Despite the relative ease of taking down individual websites, it would be particularly difficult to sustain a widespread level of attack for a lengthy period of time, let alone a continuous flow of traffic that would exceed the limits of Internet service providers.
The Internet is also too widely distributed to fall victim to a widespread attack. There have numerous occasions when regional access to the Internet was disrupted, either by attacks on vital services, accidental cable cutting, or a government-run utility limiting or shutting off access. Yet the Internet continued to work for billions of people outside of those regions.

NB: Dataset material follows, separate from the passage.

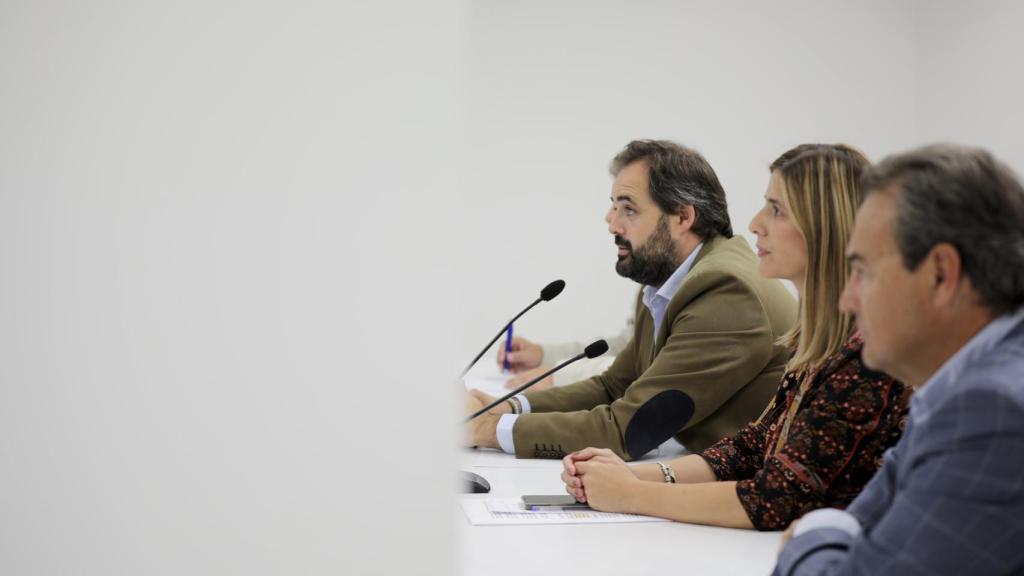 Carolina Agudo junto a Paco Núñez y Agustín Conde.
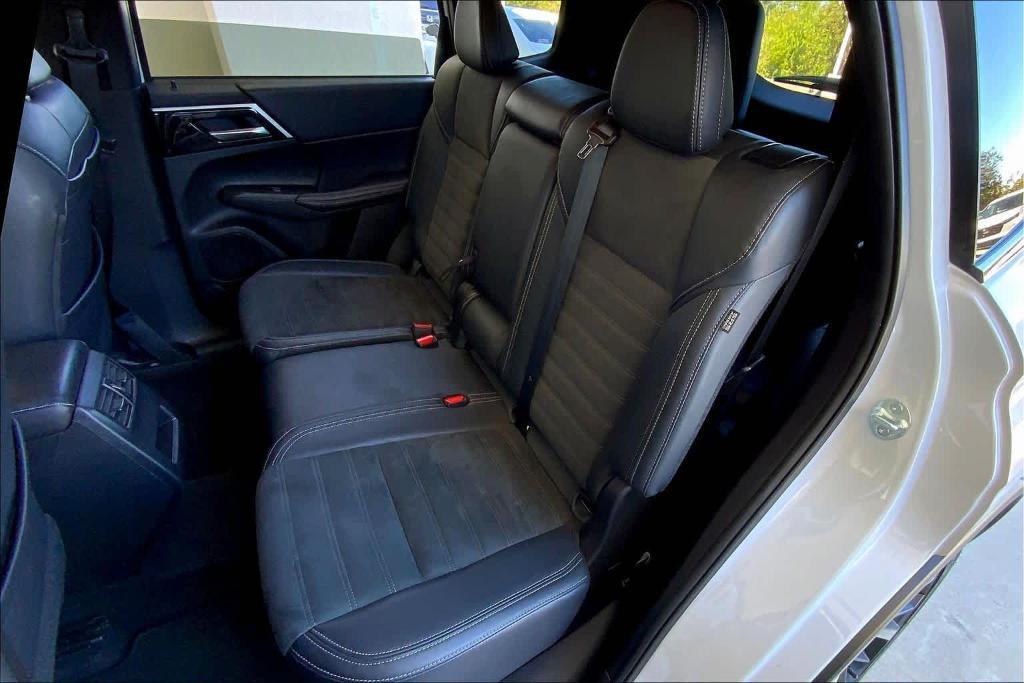 used 2024 Mitsubishi Outlander car, priced at $23,879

In the United States, a number of redundancies are built into the Internet; if one or two avenues are disrupted from your local network to the Internet, you likely won’t even notice a hitch.
Another reason why the Internet is impossible to take down: cyber attackers depend on the Internet to operate. “The Internet is what the attackers need to deliver their attack,” said Gavin Reed, the director of engineering and products for Cisco. “I suppose it is possible for an attack to be large enough to destroy large chunks of the Internet, but we have not seen that happen.”
Only government bodies have the ability to grind the entire Internet to a halt for a sustained period of time. So even as cyber-attacks increase in frequency and size, cyber criminals will never be able to take down the entire Internet.